Hardie, Andrew and Lohani, Ram Raj and Regmi, Bhim N. and Yadava, Yogendra P. (2009) A morphosyntactic categorisation scheme for the automated analysis of Nepali. In: Annual Review of South Asian Languages and Linguistics 2009 :. Trends in linguistics. Studies and monographs . Mouton de Gruyter, Berlin, pp. 171-196. ISBN 9783110225594
Full text not available from this repository.Abstract
This paper describes the linguistic rationale underlying the part-of-speech tagset used for tagging the Nepali National Corpus. In particular, three conceptually complex areas are discussed in detail. In the first place, the nature of Nepali postpositions is explored, and the approach that the tagset takes to them – in which postpositions are tokenised separately to the nouns or other words to which they are attached – is justified.
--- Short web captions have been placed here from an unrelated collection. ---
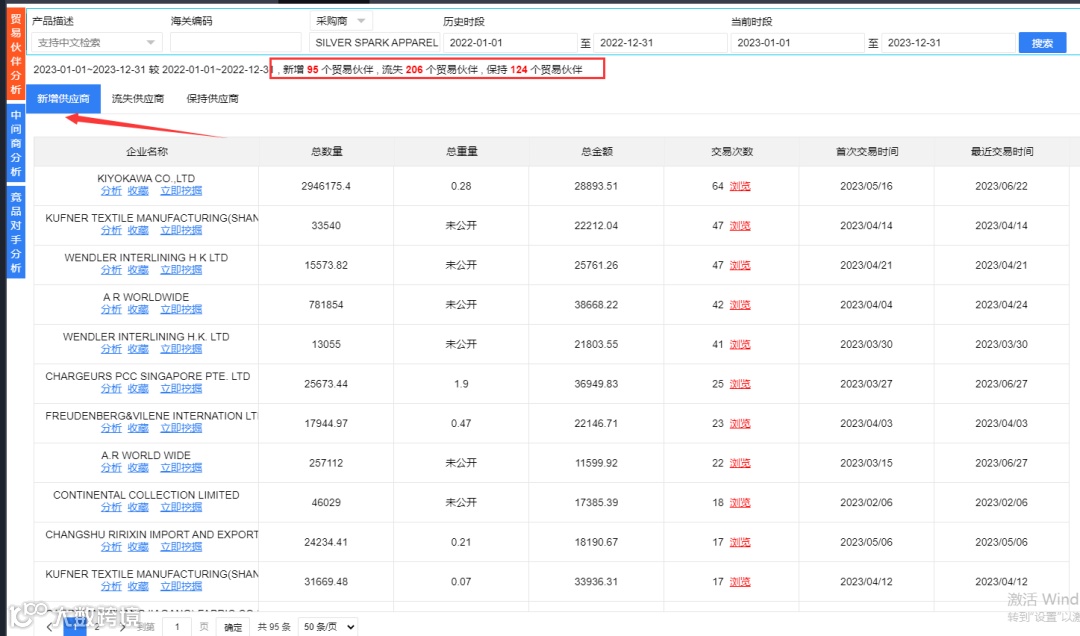 海关数据没有用？那是你不会用！先试试这四点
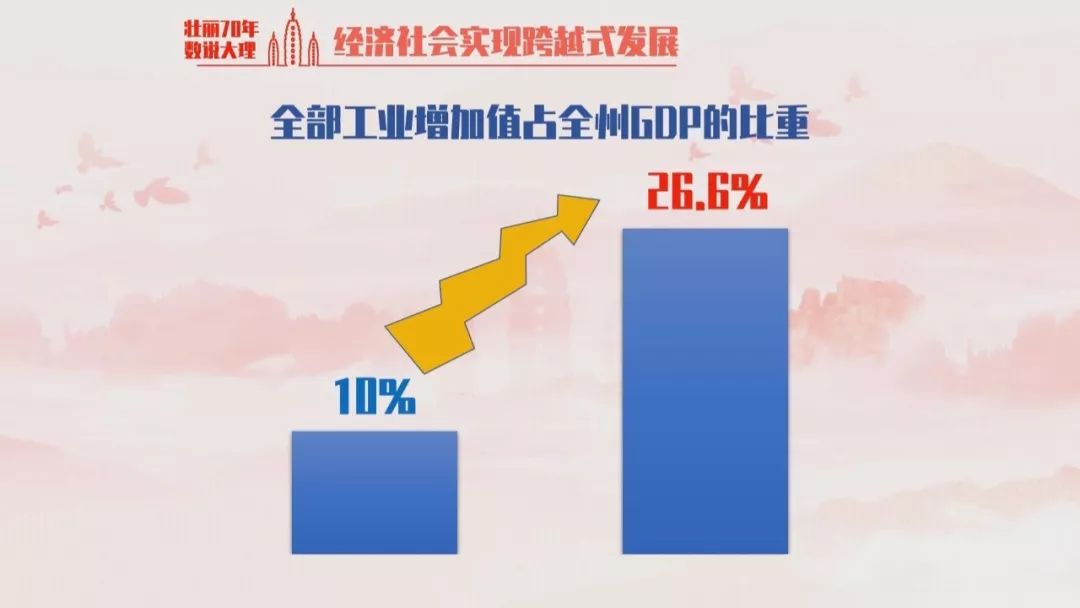 信息技术助力区域经济跨越式发展，驱动力量与实践路径分析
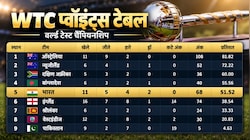 WTC की लड़ाई: साउथ अफ्रीका पर ऑस्ट्रेलिया की जीत से किसे फायदा? वर्ल्ड टेस्ट चैंपियनशिप प्वॉइंट्स टेबल में भारत कहां?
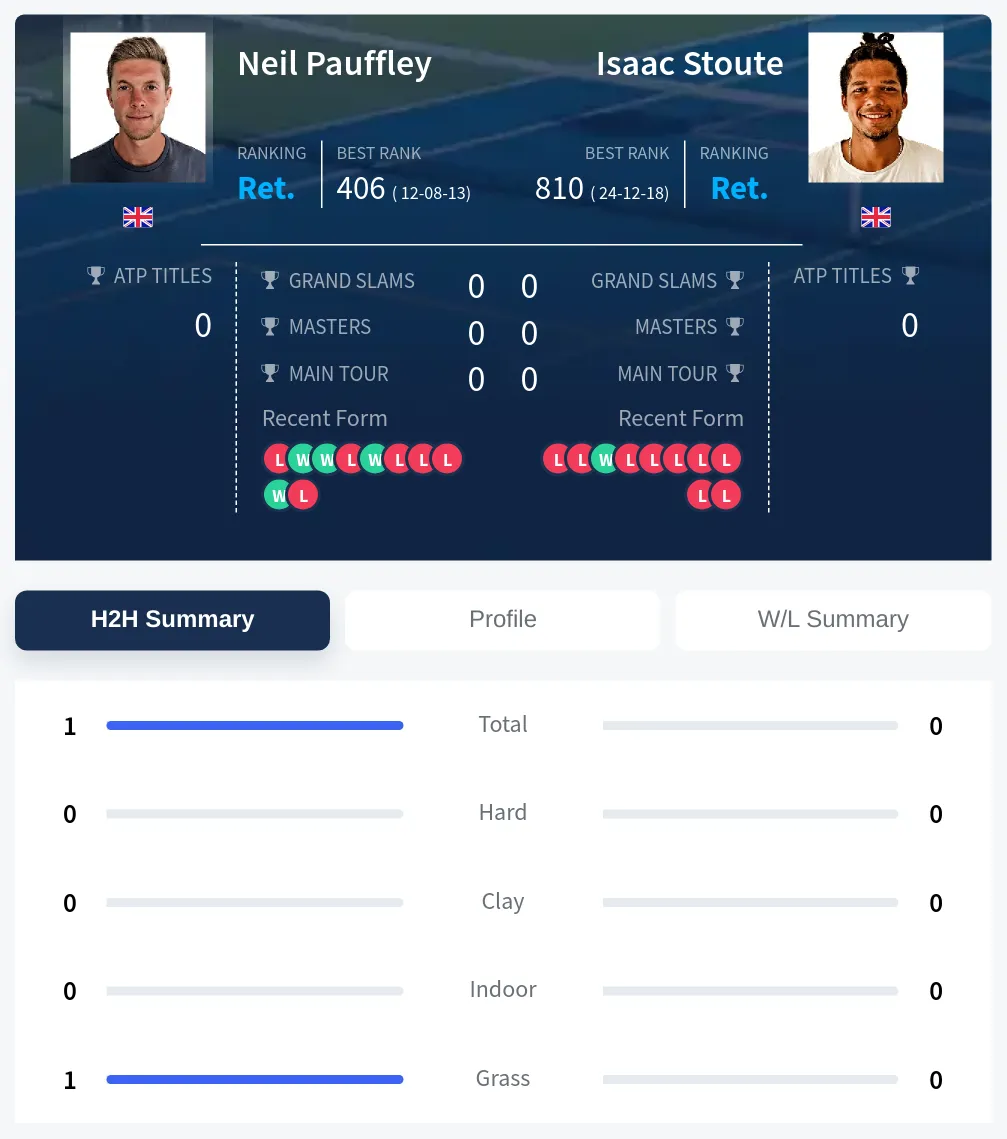 Stoute Pauffley H2h Summary Stats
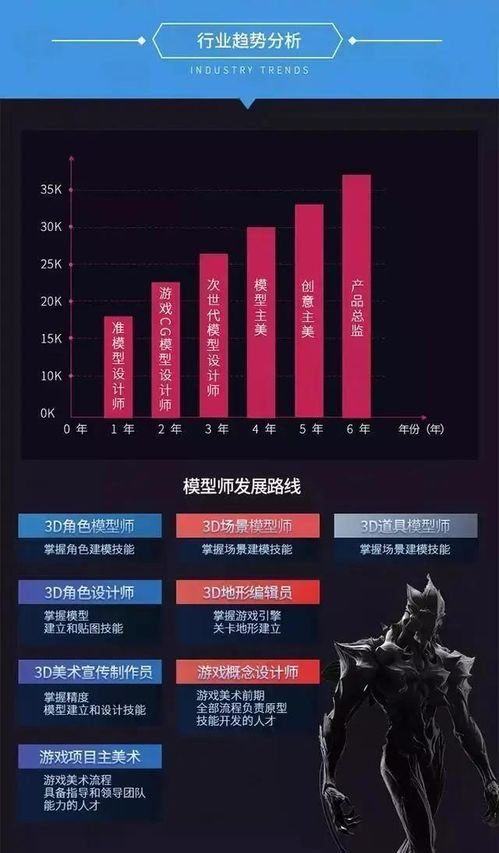 游戏建模师需要学什么专业,专业选择与技能提升解析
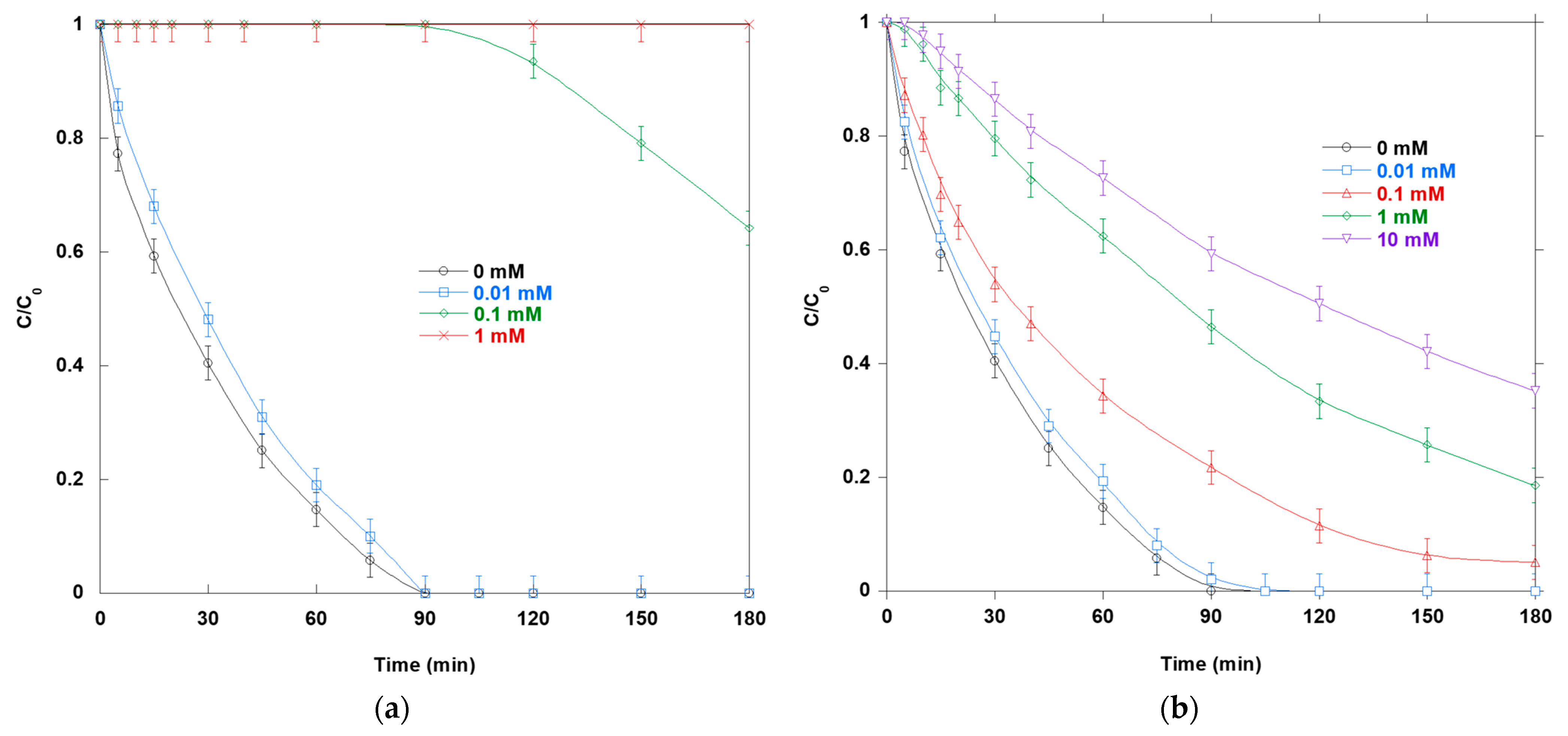 Catalysts 15 00914 g007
A similar exploration of gender marking, however, supports an opposite approach, where gender is treated as a feature of the word on which it is marked, and indicated in that word’s tag. It is further argued that an inconsistent treatment of gender on nouns, as opposed to adjectives and other words that agree with nouns, is justified for Nepali. Thirdly, the very great complexity of Nepali verb inflection (some of it created by very productive compounding) is shown to necessitate the use, within the tagset, of a simplified model of the Nepali verb. A brief analysis of the similarities and differences between this tagset and part-of-speech annotation schemes for some closely related is undertaken. Finally, the implementation of the tagset in an automated tagging system is summarised and some directions for future work outlined.